As regards the internal validity of our study, the sample of 17 TDs on diagnostic reasoning seems to be representative as we included TDS from different supervisors and trainees related from different vocational training institutes. The high percentage of words relating to diagnostic reasoning (66.2 %) showed that our inclusion process had its intended result. However, acquiring 21 TDs took a great deal of time. Many supervisors promised us to send a recording of a TD but in fact did not. Reasons were lack of time and lack of appropriate recording devices. Some supervisors said that TDs specifically focussing on diagnostic reasoning were unusual. It is possible that discussions about gut feelings also occur in TDs not focussing on diagnostic reasoning, e.g. those discussing management aspects, so these may have been missed.

We did reach data saturation, since we did not need any new codes after coding 13 transcripts. Our 17 TDs, involving 16 different supervisors and their trainees, delivered 9.2 h of dialogue, and showed a large and rich variety of data. Selection bias for favouring aspects of non-analytical reasoning is unlikely, as we asked the supervisors to provide TDs about diagnostic reasoning in general. We found that gut feelings were discussed in 7 of the 17 TDs (41 %); it may be questioned whether this is representative but this was not specifically aimed for.

Our combined qualitative and quantitative approaches proved useful, since the results of the quantitative analysis of the coding categories clearly described what topics were discussed most in TDs on diagnostic reasoning and by whom. This visualized the role of gut feelings in diagnostic reasoning and its analysis. The quantitative descriptions provided a good basis to select topics for further qualitative descriptions.

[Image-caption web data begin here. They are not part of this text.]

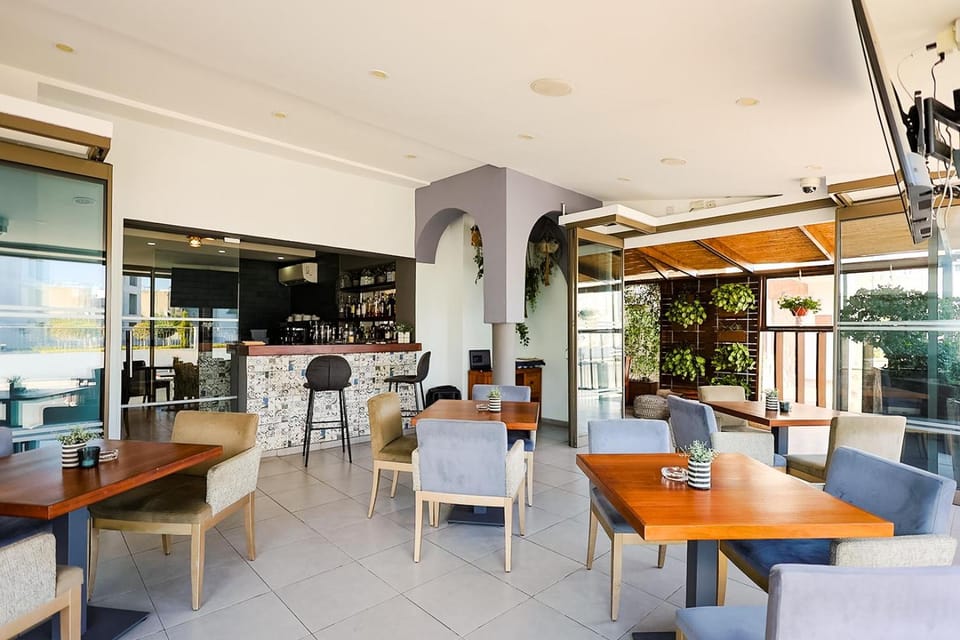 Mikes Kanarium City Hotel Hotel in Larnaca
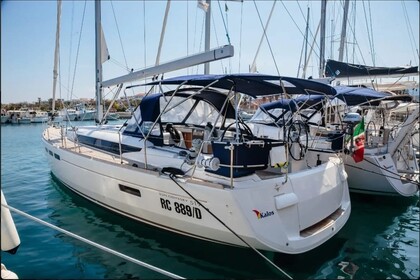 Charter Sailboat Jeanneau Sun Odyssey 519 Tropea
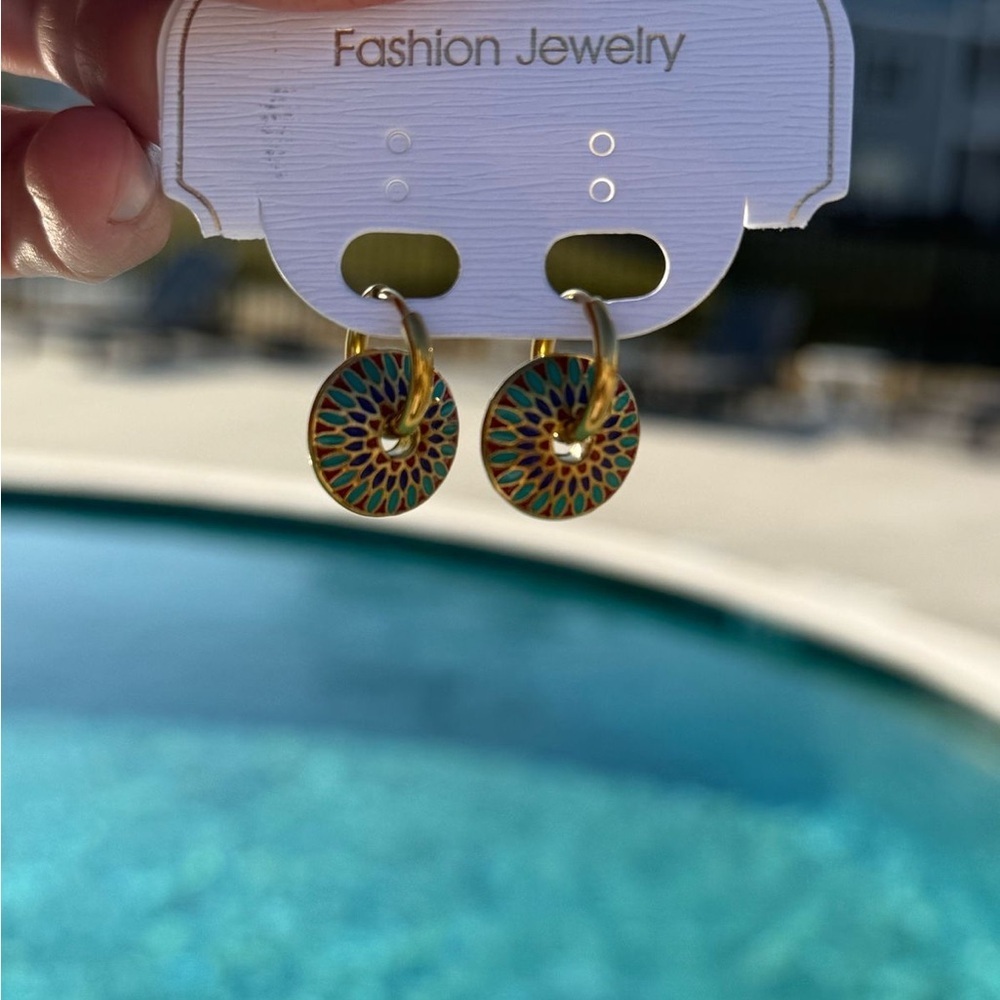 Gold and Green Swirl Pattern Earrings - Picture 8 of 15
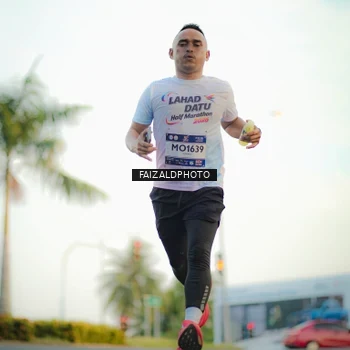 Runner Photo 7869390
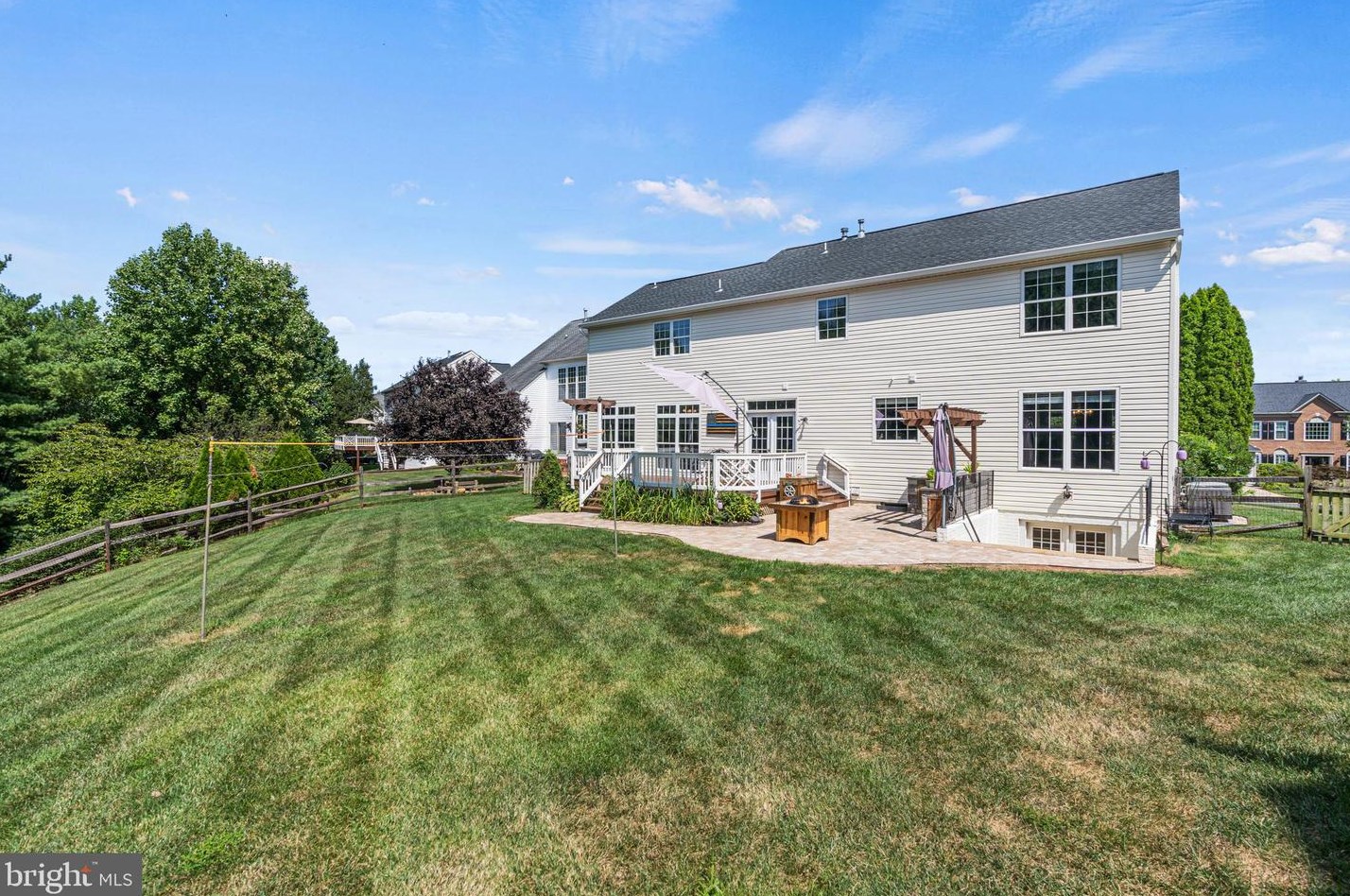 20543 Chapin Ct, Dulles VA  20165-3536 exterior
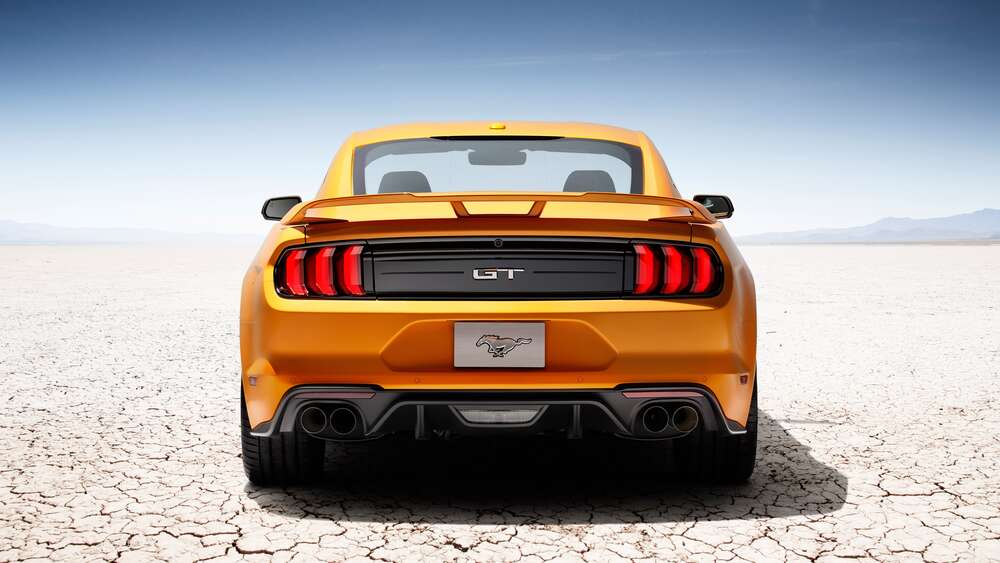 картина-постер Желтый автомобиль Ford Mustang GT среди пустыни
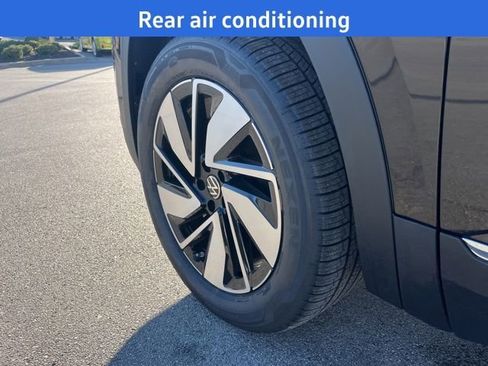 New 2026 Volkswagen Atlas SEL image 5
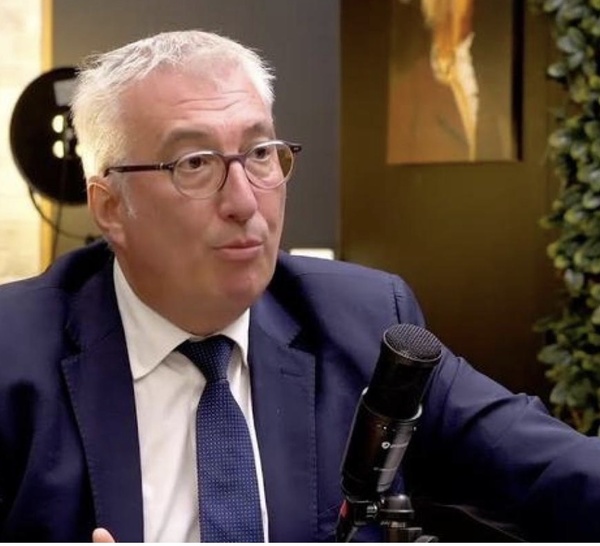 France: un maire exfiltré de son domicile après des menaces du groupe criminel DZ Mafia
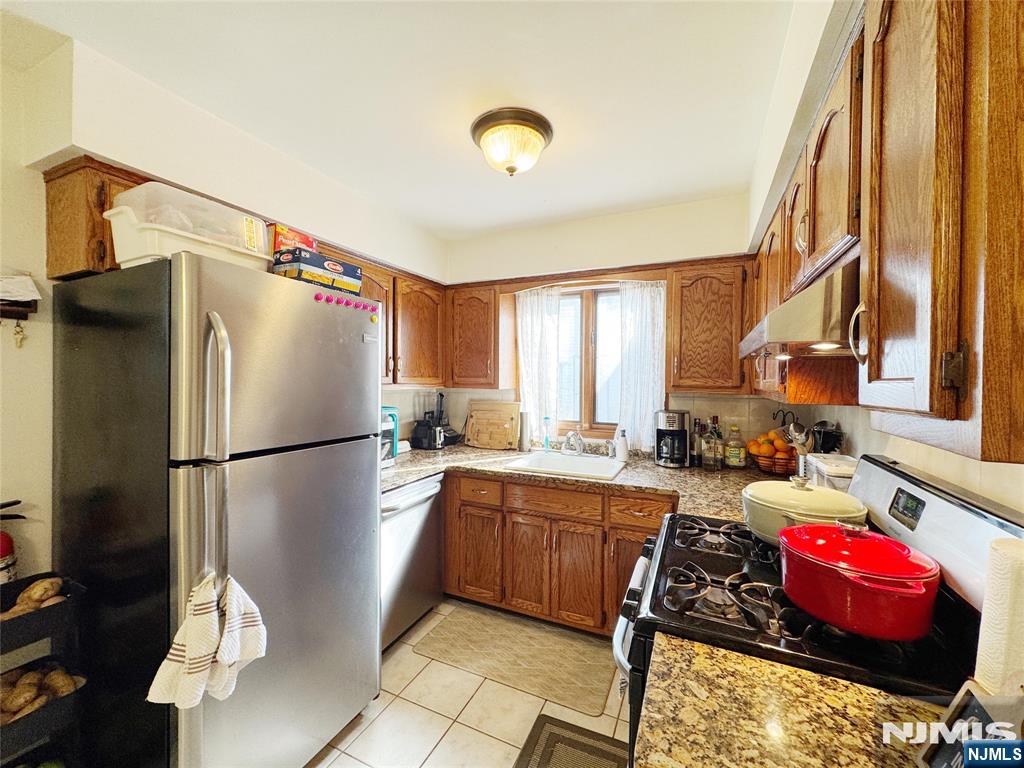 351 Falmouth Avenue 1 - Photo 2
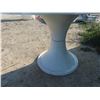 Image 3 : Table 27'' Tall x 46'' Across
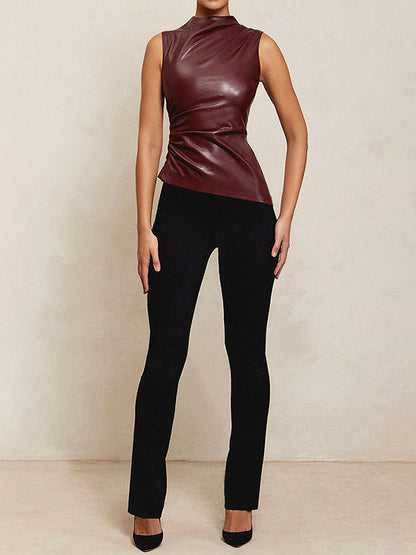 Well Tailored Top with a Graceful Silhouette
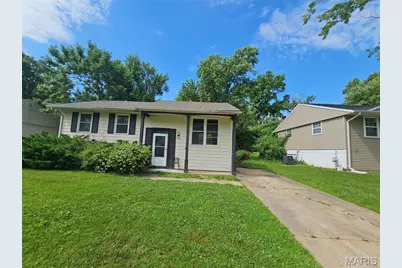 1440 Columbus Drive, Saint Louis, MO 63138 - Photo 1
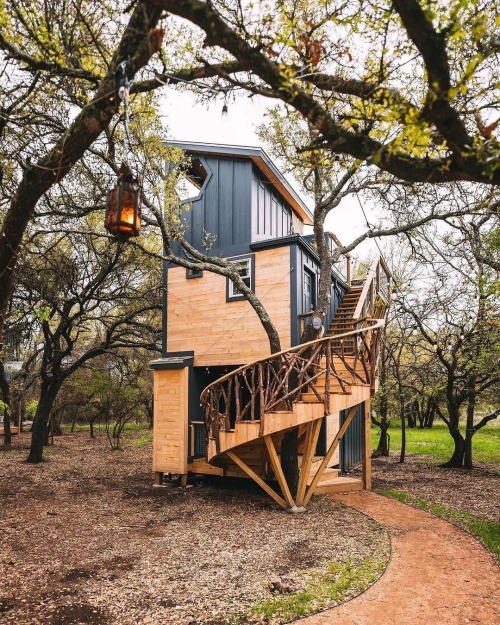 happygetlucky17: lilbitsavages: utwo: The Treehouses at HoneyTree FarmFrediricksburg Texas© HoneyTre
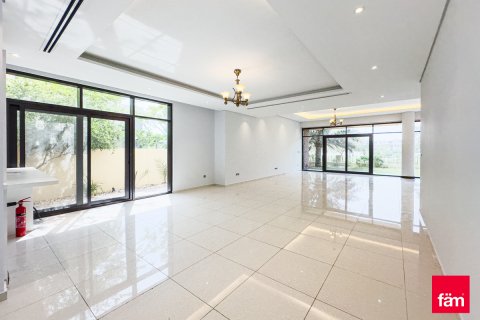 Vilë në Dubai, Emiratet e Bashkuara Arabe 5 dhoma gjumi, 640 m2. № 612618 - Foto 3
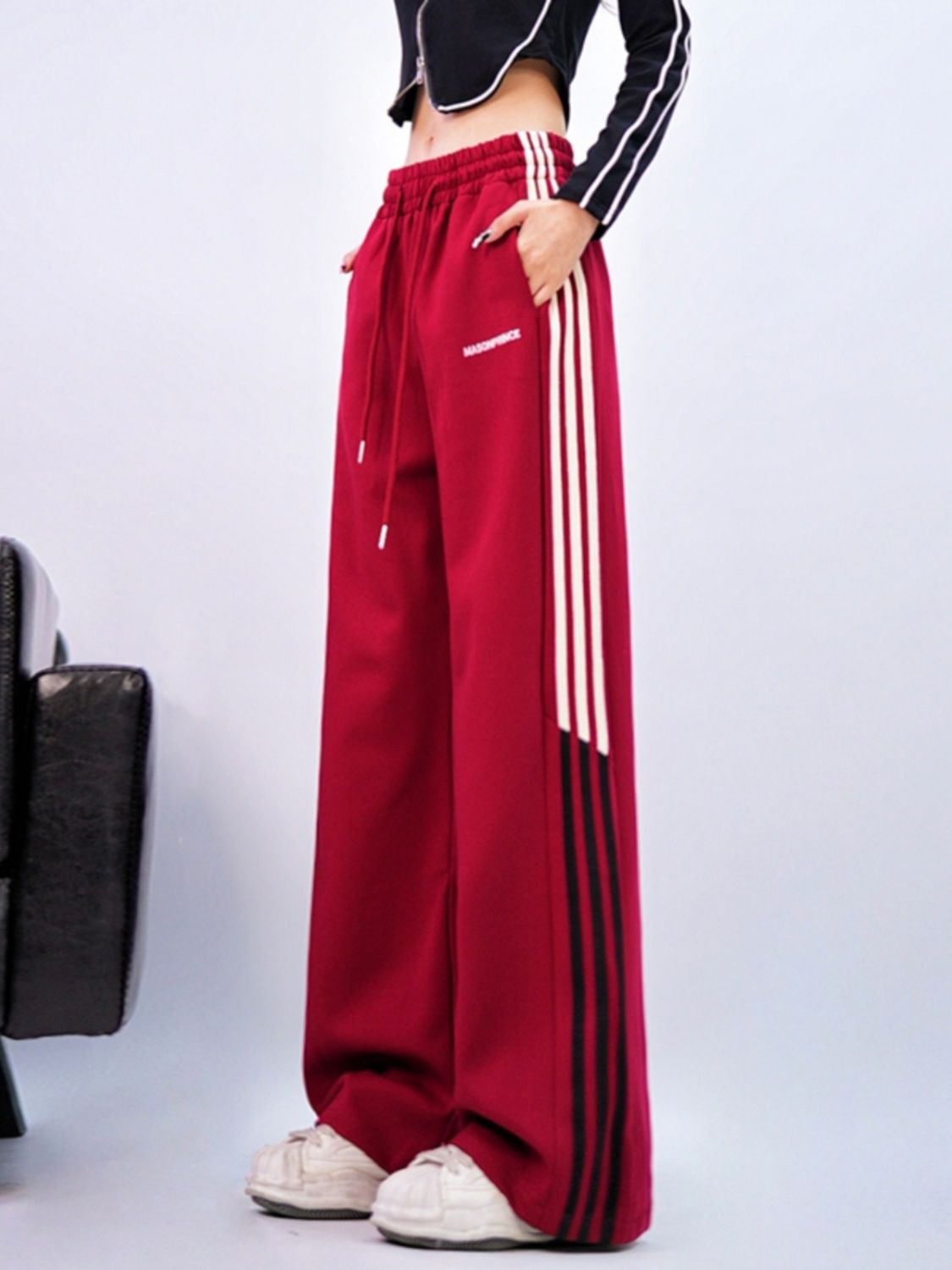 美式高街hiphop酒紅色運動褲女秋冬季寬鬆直筒條紋爵士街舞闊腿褲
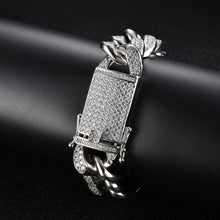 Load image into Gallery viewer, Men's Bold And Wide Cuban Bracelet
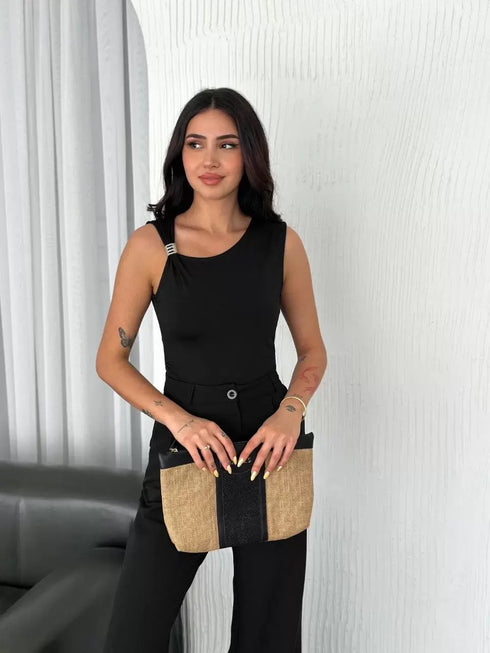 Osy Modal Yumuşak Dokulu Kumaş Bisiklet Yaka Kadın Sıfır Kol Bluz Omuz Toka Aksesuar Detaylı - Siyah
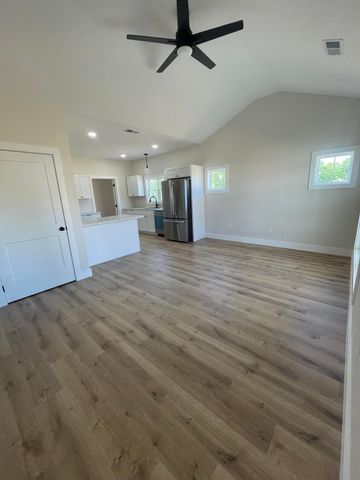 104 Cedarwood Drive, Lancaster, KY 40444
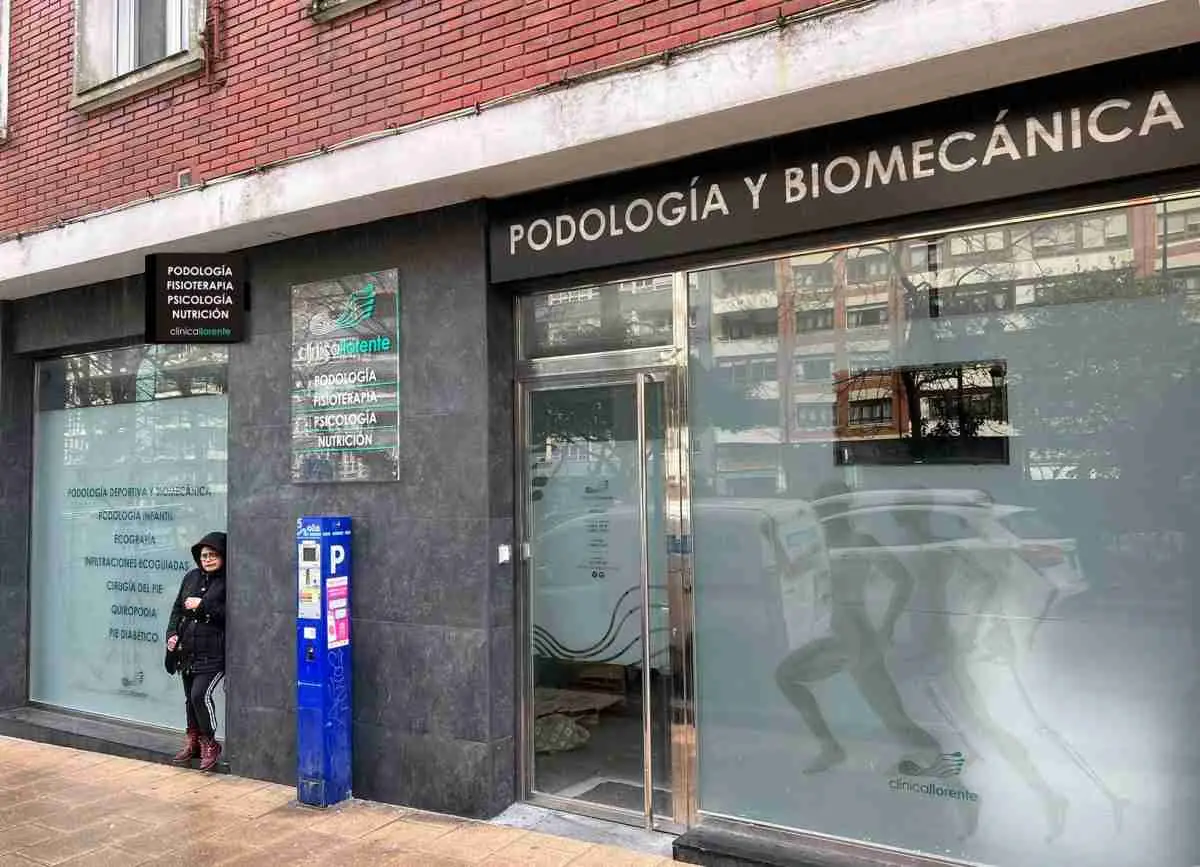 Fotos de Clínica Llorente Podología y biomecánica, Farmacia Vargas 63, 63, Calle Vargas, Perines, Cuatro Caminos, Santander, Cantabria, 39015, España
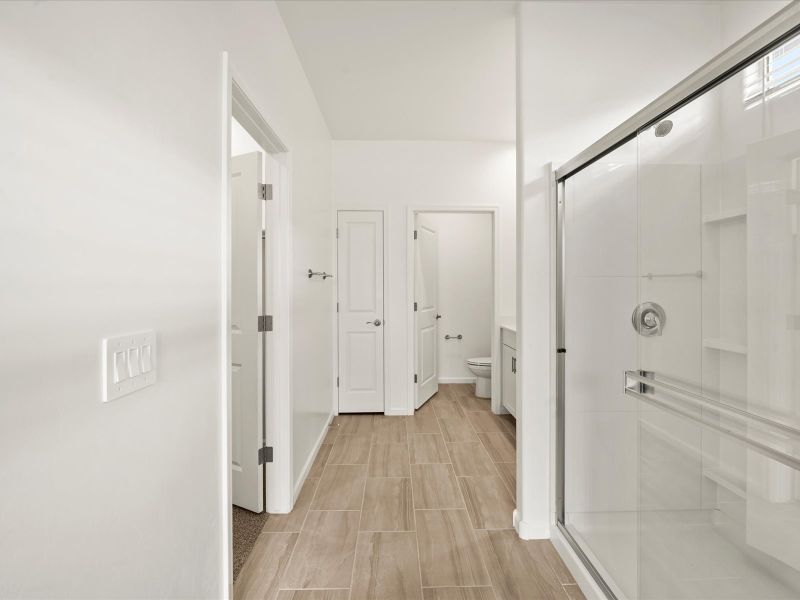 Spacious, unfurnished interior of a new home in Hanson Ridge, Vail (Image 12).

As for the external validity of our study, GPs in the Netherlands, frequently use a typically Dutch expression (pluis/niet-pluis) to indicate gut feelings (Stolper et al. 2009a) and we assume that familiarity with this concept facilitates discussions about gut feelings among Dutch GPs. The sense of alarm, however, is a familiar phenomenon in general practice all over Europe and is also often referred to by specific phrases in different languages (Stolper et al. 2010b). We think therefore that our results are of vital importance for GP vocational training institutes in other countries where TDs are a common learning tool in workplace settings.

TDs addressing diagnostic reasoning are by nature retrospective and analytical. Discussing gut feelings may help to discern non-analytical elements in diagnostic reasoning and their value in this process. Similarly, when discussing problems encountered in the diagnostic process, (Van de Wiel et al. 2011; Slotnick 1996, 1999) discussions of gut feelings may improve trainees’ diagnostic competence. Specialised knowledge about these often hidden facets of diagnostic reasoning, including how to deal with them in medical education and TDs, is important for supervisors, and we recommend including these aspects as a substantial component in training-the-trainers programmes. To our knowledge this study is one of the first studies that analysed the main topics of discussing diagnostic reasoning in tutorial dialogues although tutorial dialogues are very common in educational settings in medicine. Diagnostic reasoning belongs to the heart of general practice and research on the learning of this process in workplace settings is needed. Future research into the dialogues between supervisors and trainees may result in more effectiveness of trainees’ learning processes.